High Performance Computing Case Study - Dr Steve Jones

Senior Research Associate - Tyndall Centre for Climate Change Research

Analysing the spatial distribution of carbon dioxide in the ocean requires intensive calculations on all the measurements available. The data used in this comprised over 12 million measurements. This required several trillion calculations and a total computation time approaching 22 years. The ability to run dozens of jobs simultaneously reduced the actual time required to just seven weeks.
 

My work

The world's oceans absorb approximately 25% of the carbon dioxide (CO2) emissions produced by humans. This is significant portion of the global carbon cycle, and it is therefore critical that we understand how the oceans store CO2 and how this storage will change as more emissions are released in future.
 
Much of this analysis relies knowing not only how much CO2 is in the ocean, but also how it is distributed through the different ocean regions.

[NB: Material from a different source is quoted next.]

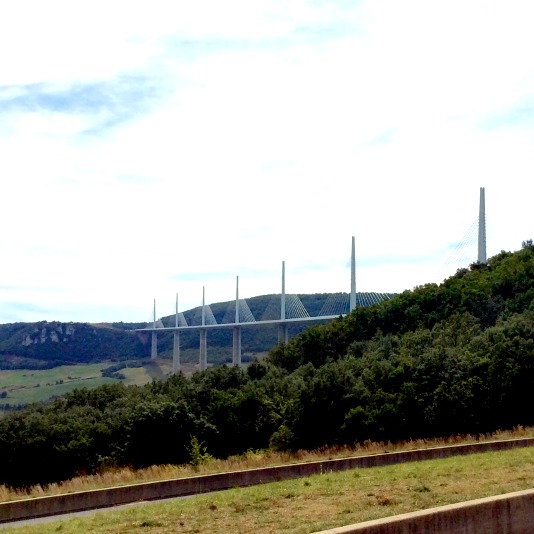 viaduc-de-millau-photo-by-Tiziana-Bergantin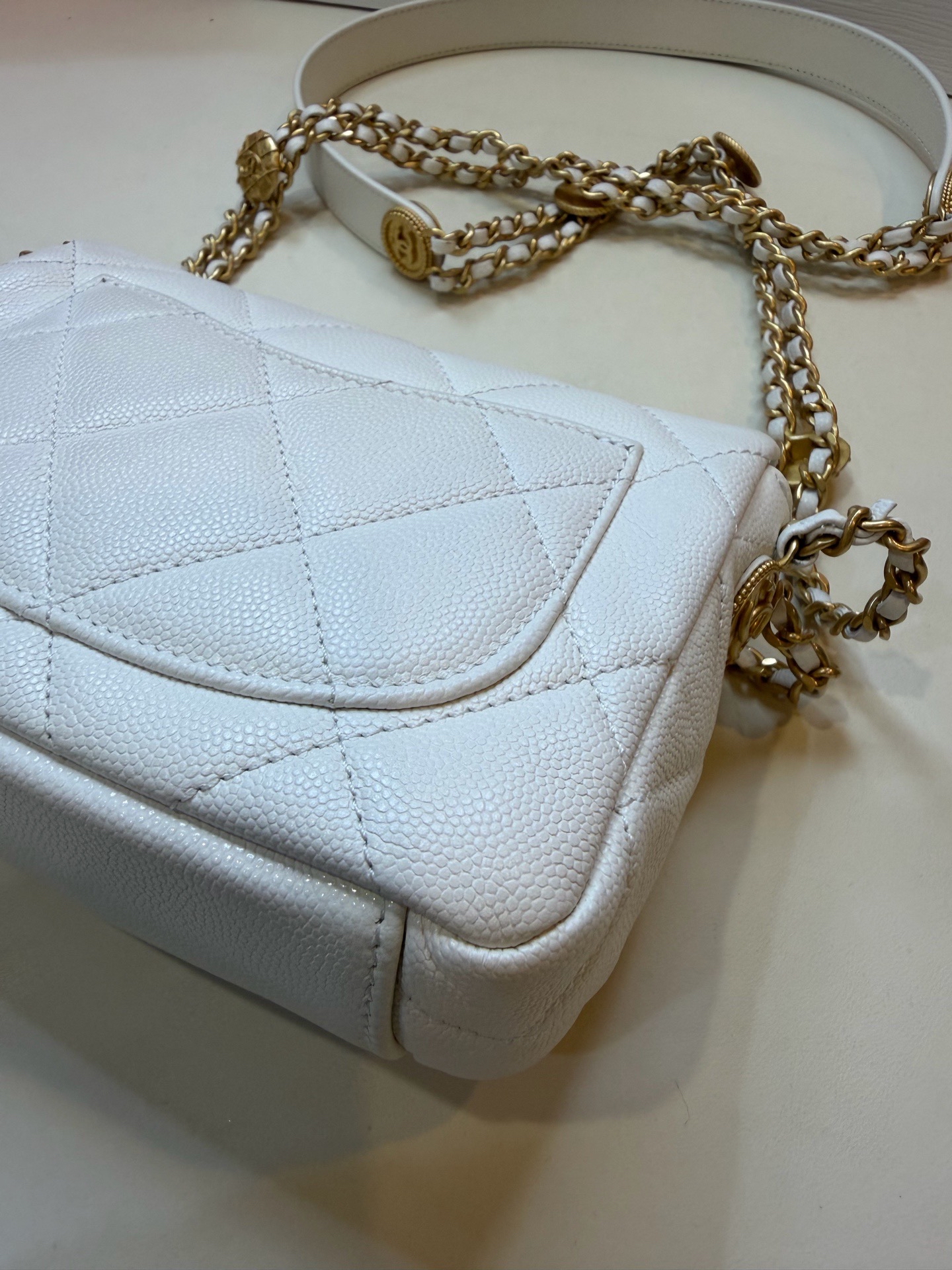 Pre-Owned CHANEL Mini Square / Product Code: 26042427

One important way to measure this is to calculate how carbon dioxide concentrations in the ocean water vary over different spatial scales. In some regions, particularly along ocean currents and in ocean gyres, CO2 concentrations can be similar across large regions as water from similar sources is spread over large distances. In other regions the concentrations are much more variable, such as through tides near the coasts or where water from the deep ocean is mixed with water at the surface.
 
The final result of these calculations is a map (below) that shows the distance over which two measurements can be similar in a given part of the ocean. In the North Pacific, you can travel 3,000 km and still find that the carbon dioxide concentration is similar to that found at your starting point. In other regions this can be less than 100 km. This information is valuable in many situations. For example, people operating future measurement projects can determine how closely together their measurements should be taken, and therefore how their resources can be utilised most effectively. It is also invaluable for certain types of climate models that can use the spatial variability of ocean CO2 concentrations combined with atmospheric CO2 data to assess how the atmospheric and oceanic carbon cycles interact.